What this task involves: Exactly reproduce the lines of the listing below from the one containing "A montage of" through the one containing "LED Corner Floor". Skip the images.

Dataset records:
--- START ---
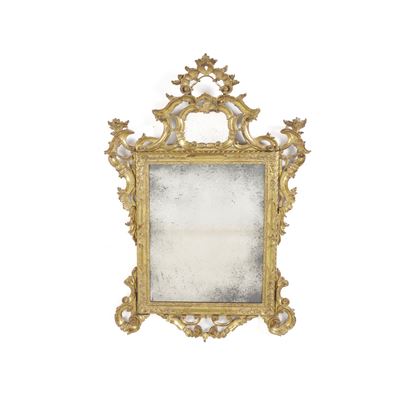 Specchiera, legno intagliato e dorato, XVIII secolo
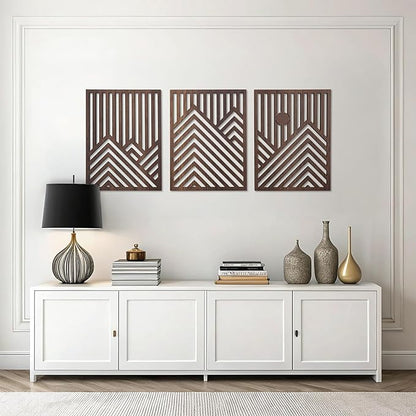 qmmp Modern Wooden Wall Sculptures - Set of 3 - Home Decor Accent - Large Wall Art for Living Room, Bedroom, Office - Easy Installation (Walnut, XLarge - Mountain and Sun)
--- END ---
--- START ---
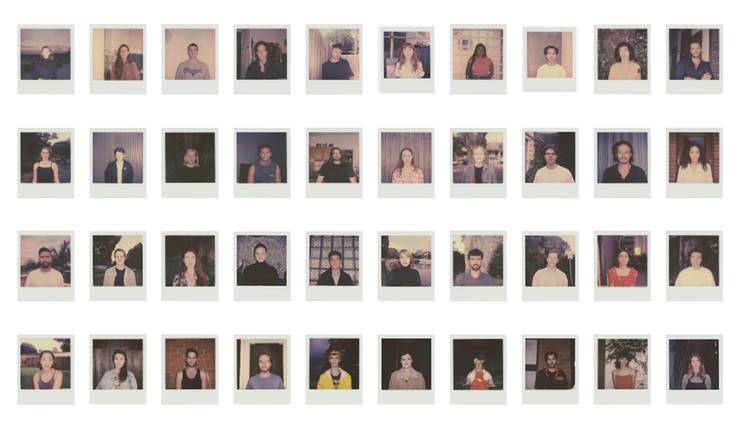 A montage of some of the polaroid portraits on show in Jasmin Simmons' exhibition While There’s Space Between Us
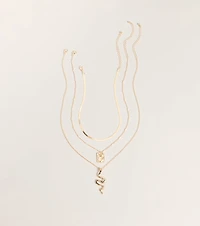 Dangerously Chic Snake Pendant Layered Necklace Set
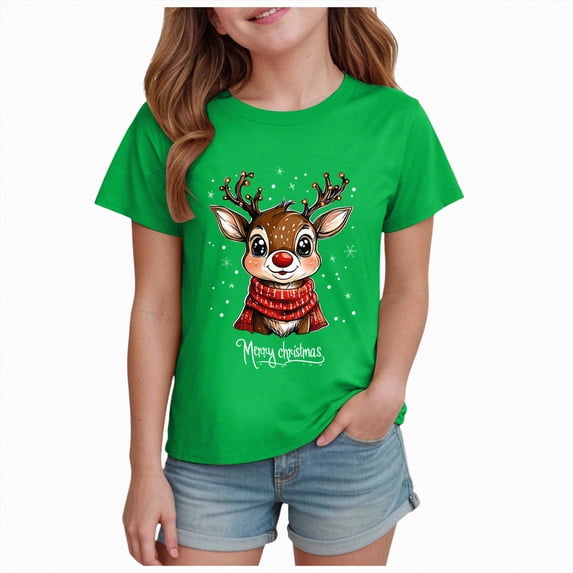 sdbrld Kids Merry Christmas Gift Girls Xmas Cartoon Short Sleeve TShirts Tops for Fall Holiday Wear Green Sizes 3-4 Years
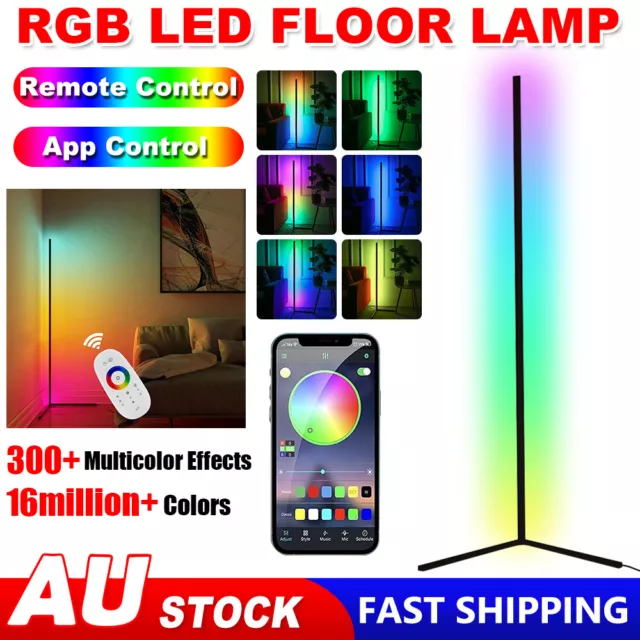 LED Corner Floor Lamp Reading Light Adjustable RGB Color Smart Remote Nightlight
--- END ---
Response area:
 A montage of some of the polaroid portraits on show in Jasmin Simmons' exhibition While There’s Space Between Us
 Dangerously Chic Snake Pendant Layered Necklace Set
 sdbrld Kids Merry Christmas Gift Girls Xmas Cartoon Short Sleeve TShirts Tops for Fall Holiday Wear Green Sizes 3-4 Years
 LED Corner Floor Lamp Reading Light Adjustable RGB Color Smart Remote Nightlight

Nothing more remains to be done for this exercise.